What is needed — Using the records below, locate all lines containing "Hotel" and return them.

____

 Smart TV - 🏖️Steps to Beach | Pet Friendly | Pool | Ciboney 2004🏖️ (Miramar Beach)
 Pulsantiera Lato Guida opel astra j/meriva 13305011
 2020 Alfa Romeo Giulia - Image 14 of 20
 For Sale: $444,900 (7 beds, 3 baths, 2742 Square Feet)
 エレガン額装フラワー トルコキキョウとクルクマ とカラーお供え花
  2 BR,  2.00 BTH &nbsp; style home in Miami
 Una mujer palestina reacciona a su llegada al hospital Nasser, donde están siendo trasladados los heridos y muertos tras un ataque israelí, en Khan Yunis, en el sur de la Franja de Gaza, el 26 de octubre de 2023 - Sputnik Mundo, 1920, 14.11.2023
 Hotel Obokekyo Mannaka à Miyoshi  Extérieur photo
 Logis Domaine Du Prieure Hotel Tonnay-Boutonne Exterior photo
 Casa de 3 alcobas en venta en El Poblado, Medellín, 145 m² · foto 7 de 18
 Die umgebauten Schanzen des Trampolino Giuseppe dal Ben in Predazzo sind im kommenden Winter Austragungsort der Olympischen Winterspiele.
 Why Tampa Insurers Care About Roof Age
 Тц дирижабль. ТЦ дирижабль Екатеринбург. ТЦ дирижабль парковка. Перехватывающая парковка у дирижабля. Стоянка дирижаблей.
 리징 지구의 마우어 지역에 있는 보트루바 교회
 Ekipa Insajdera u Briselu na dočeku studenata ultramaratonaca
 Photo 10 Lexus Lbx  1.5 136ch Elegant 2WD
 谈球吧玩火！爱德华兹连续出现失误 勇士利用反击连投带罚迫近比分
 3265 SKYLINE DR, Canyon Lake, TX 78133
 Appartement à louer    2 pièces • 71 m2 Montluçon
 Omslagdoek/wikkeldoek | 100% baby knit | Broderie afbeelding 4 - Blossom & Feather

____

Response to the task —
 Hotel Obokekyo Mannaka à Miyoshi  Extérieur photo
 Logis Domaine Du Prieure Hotel Tonnay-Boutonne Exterior photo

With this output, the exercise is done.